Why 37signals’ advice is irrelevant - joshfraser
http://iwasamonkey.tumblr.com/post/872202764/why-37signals-advice-is-irrelevant

======
vgurgov
Cmn, I usually hate doing such type of comments but here i just have to say:

Who the F is "Mr Daniel Leary"?? I think "Mr Daniel Leary" "is irrelevant".
Why? Lets compare:

37signals gave me tools that: 1) I am using myself sometimes 2) My friends and
clients are using and enjoying day by day. They are willing to pay $$ for it
as it get needed things done.

37s doing just fine as a company employing these business methods

I learned A LOT from 37s books, talks, blogs etc. I talked with DHH few times
at Rails events and personally think that he is a very clever guy. I usually
enjoy Jason's posts as well

I made a lot of money for my self and my business using tools(like Rails) and
methods that 37 signals gave me. I can say that THANKS TO 37SIGNALS ABOUT 10
PEOPLE HAVE JOBS AND GETTING PAID EVERY DAY IN MY COMPANY ALONE. This wouldn't
exist without them!

Now Daniel. Maybe I am missing something about his biography but who the F is
he to tell me what is relevant? What kind of expert is he??

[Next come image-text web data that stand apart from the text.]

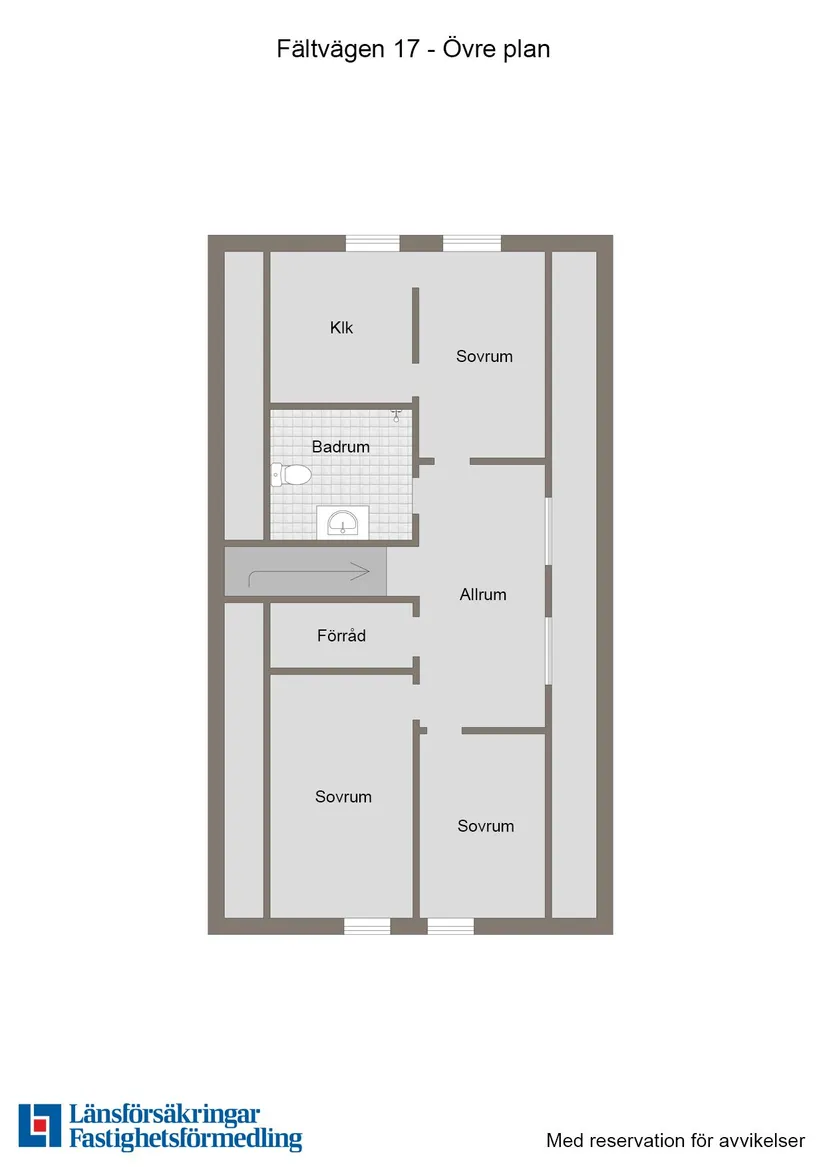 Villa, Fältvägen 17, Grillby, Enköping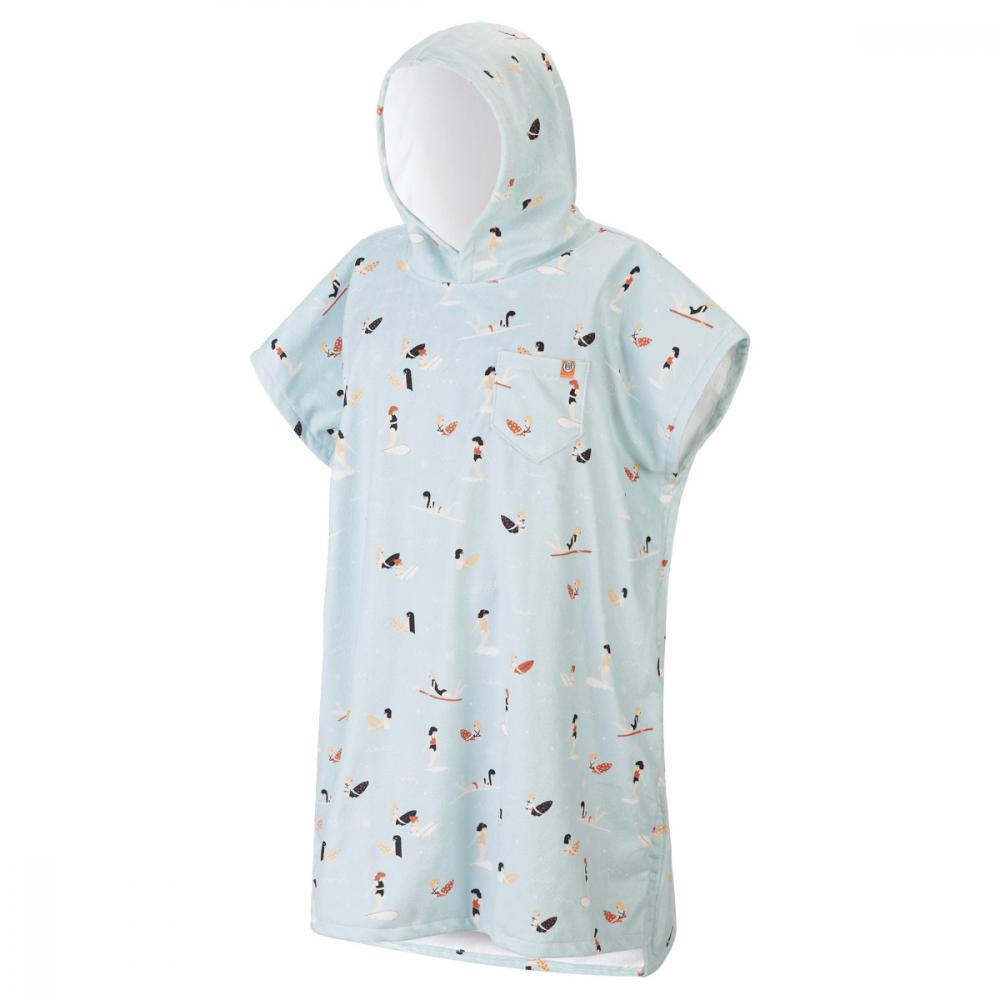 Пончо After Essentials MADRAGUE Light Blue S21 21-070000163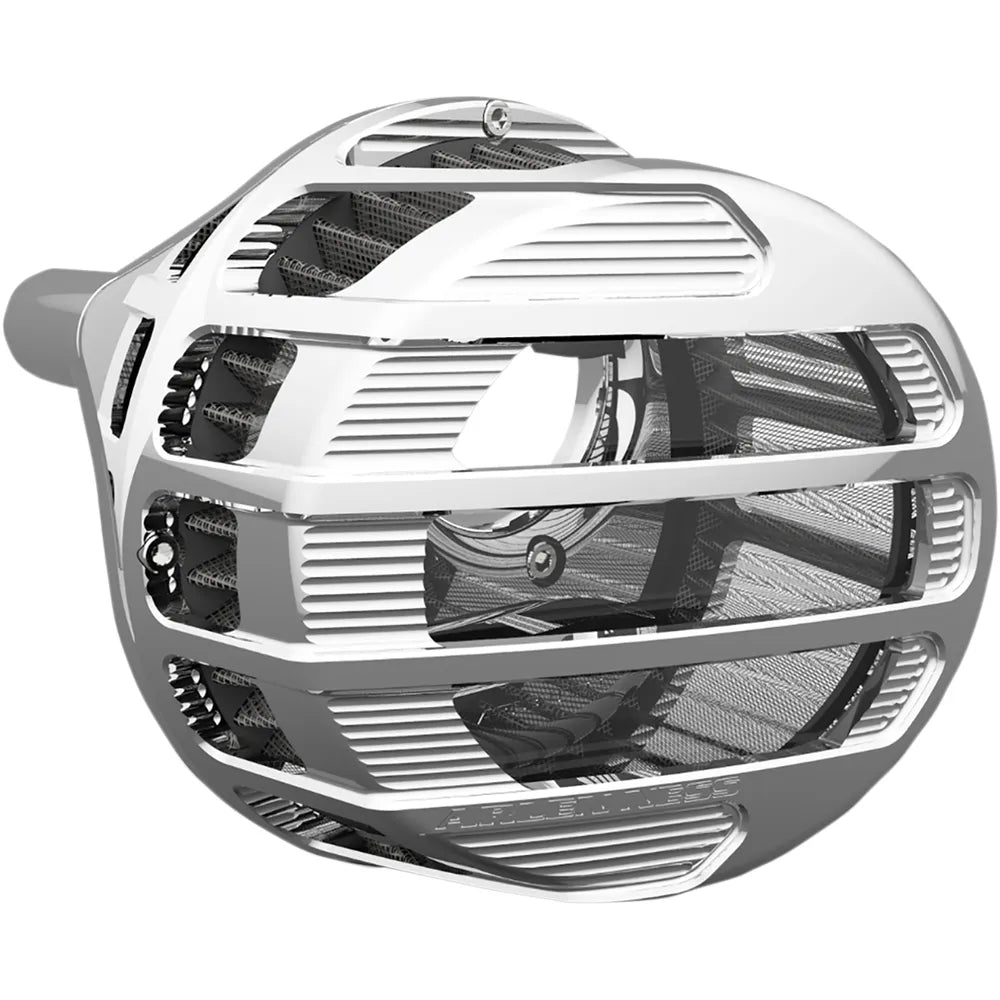 Filtro Alto Flujo Arlen Ness Sidekick Cromo FLT600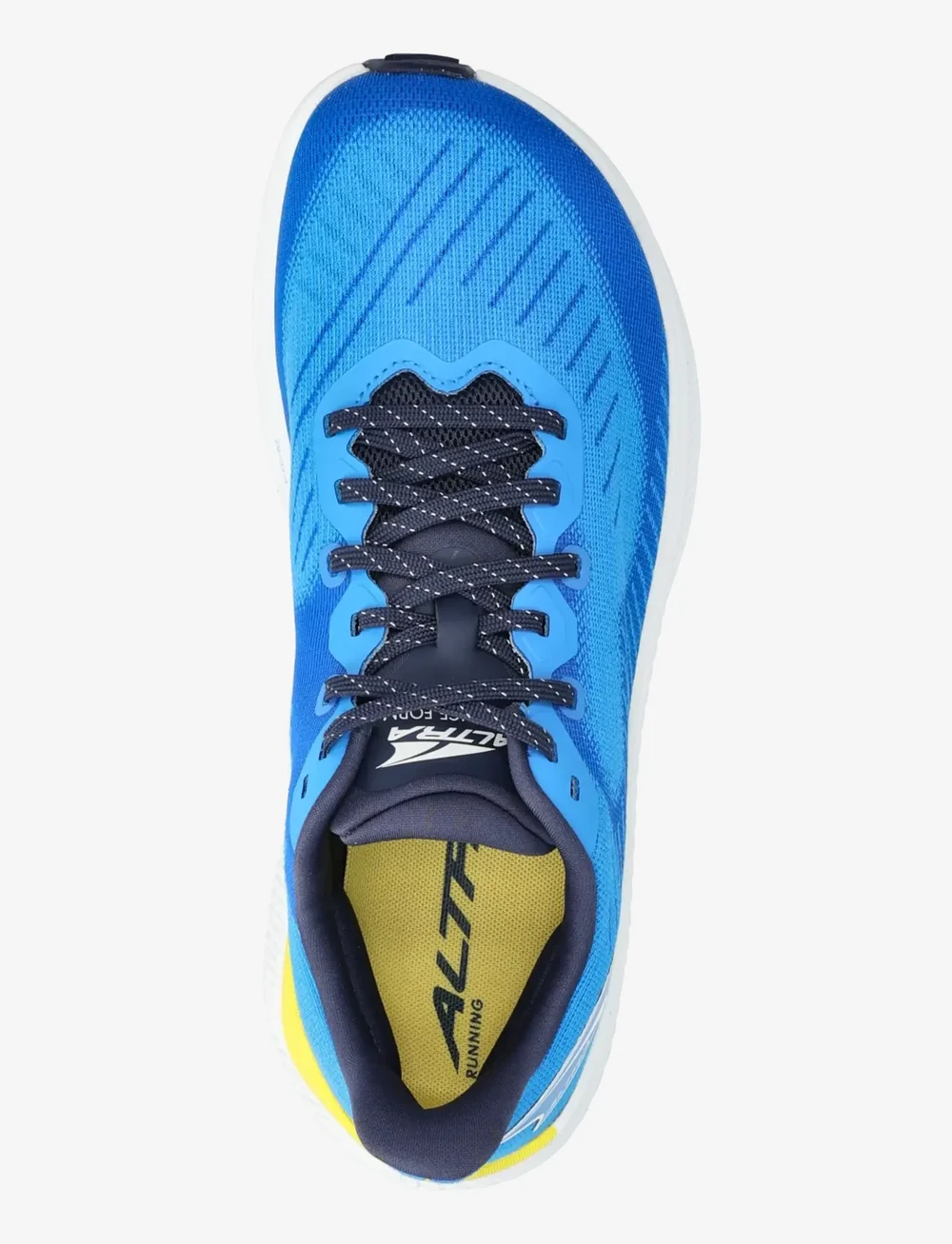 Altra - M EXPERIENCE FORM - löparskor - blue/yellow - 3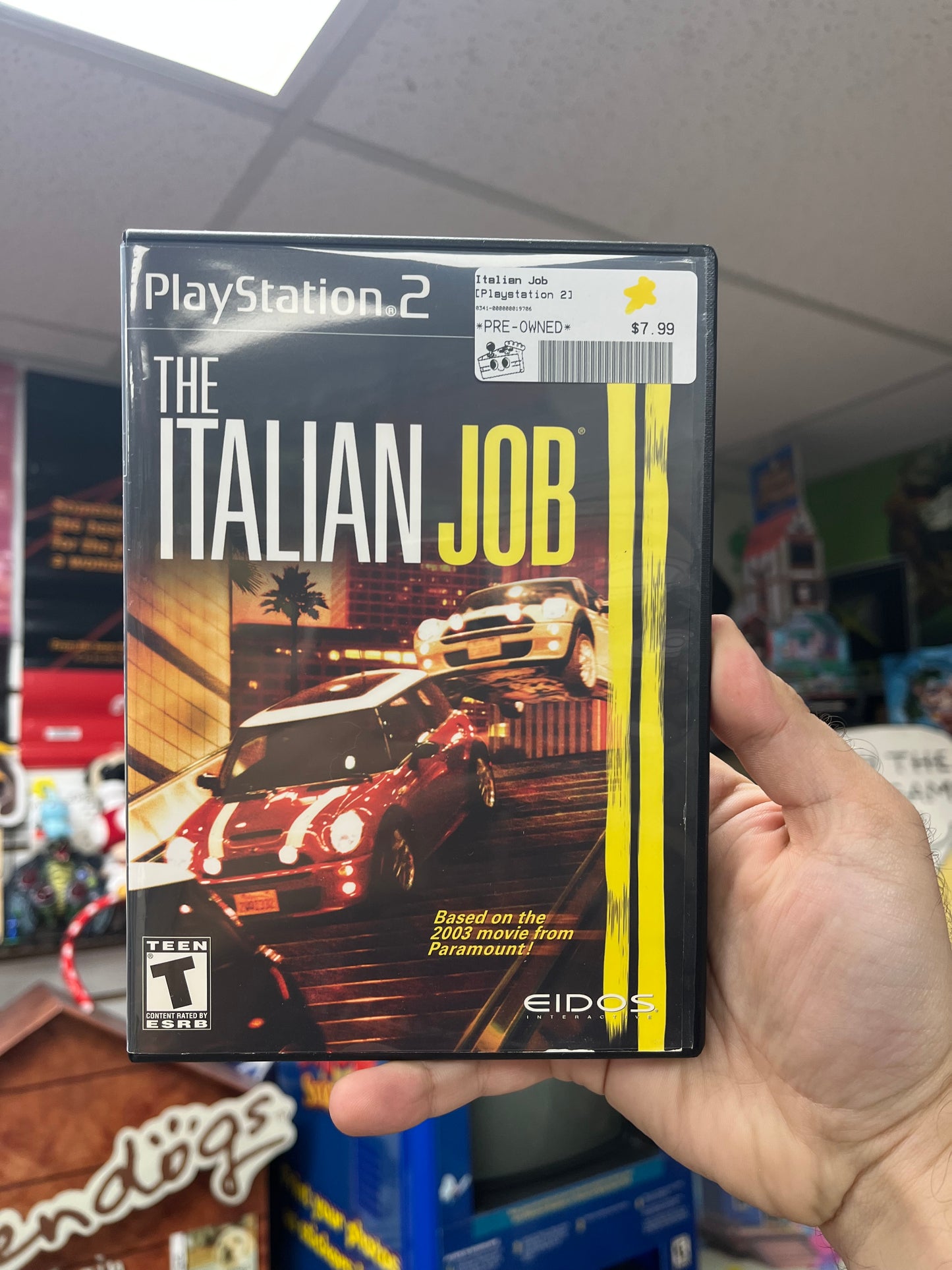 The Italian Job - PS2 Boxed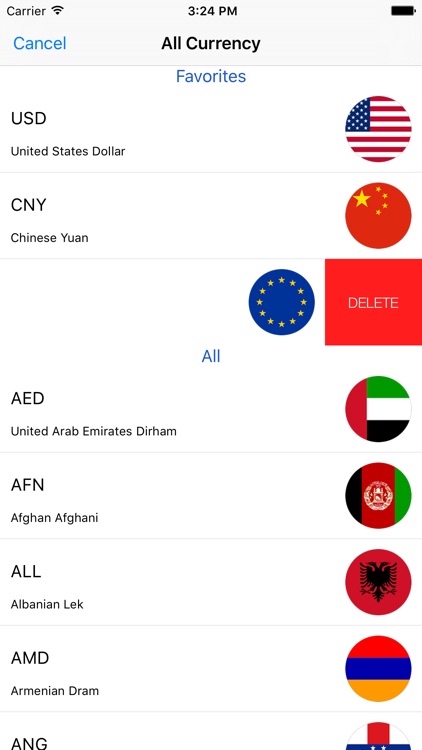 Currency Converter - All world currencies screenshot-3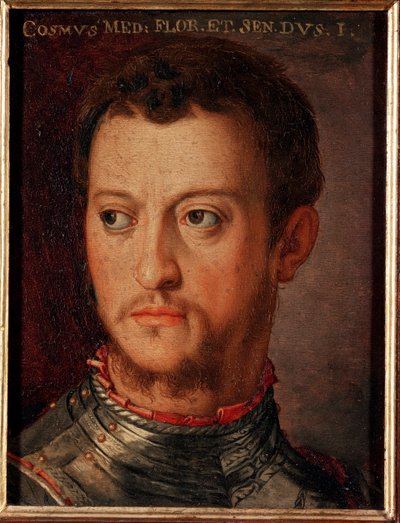 Portrait of Cosimo I de Medici by Agnolo Bronzino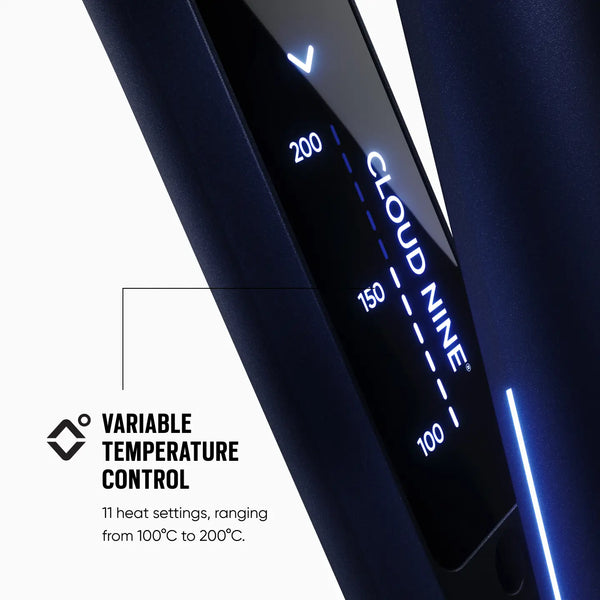 CLOUD NINE The NEW Wide Iron Midnight Blue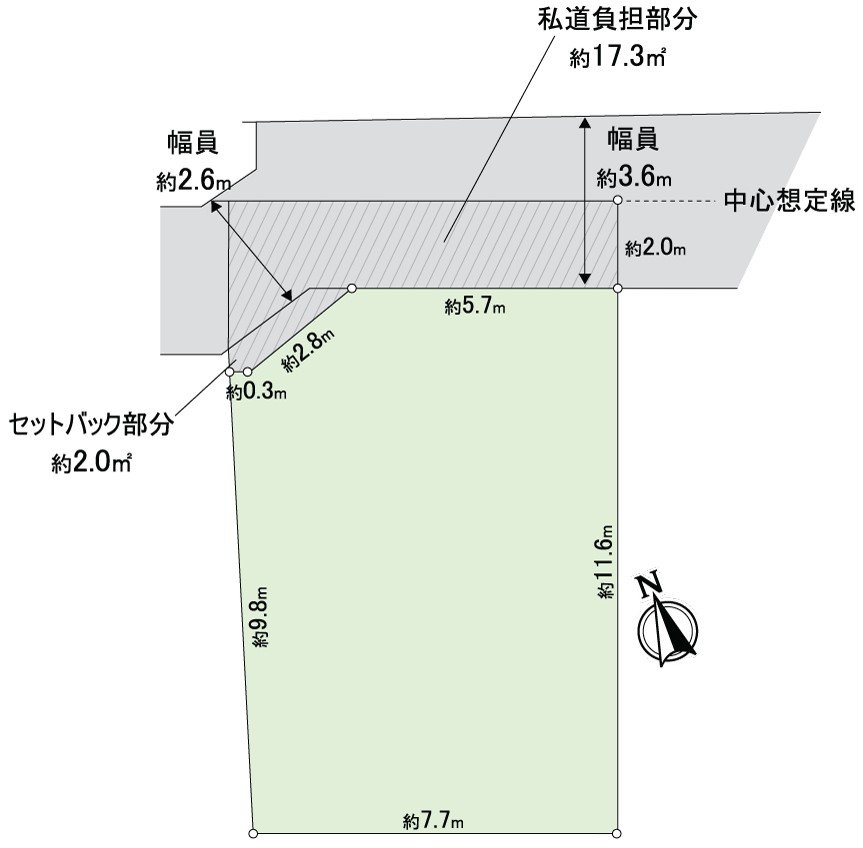 ・92.34 square meters of Land area (about 27.93 tsubo), people already have a building and can build it at engineering firms to like as the planning that considered the positions of lighting and the window is not a possibility, building conditioning Residence sale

"Let me say from the outset that I have a degree in economics. I studied this
at Oxford University, and have as good a grasp as anyone. " Is it that guy
<http://uk.linkedin.com/in/danielleary> ?? If so, then I can understand why
this Oxford student explaining why some established business model that i and
many other businesses successfully employ "is irrelevant" sounds so stupid and
funny to me.

Sorry again for getting it so personal, but i believe that most of the HN
folks can see why his points are irrelevant so there is no need to explain
this here.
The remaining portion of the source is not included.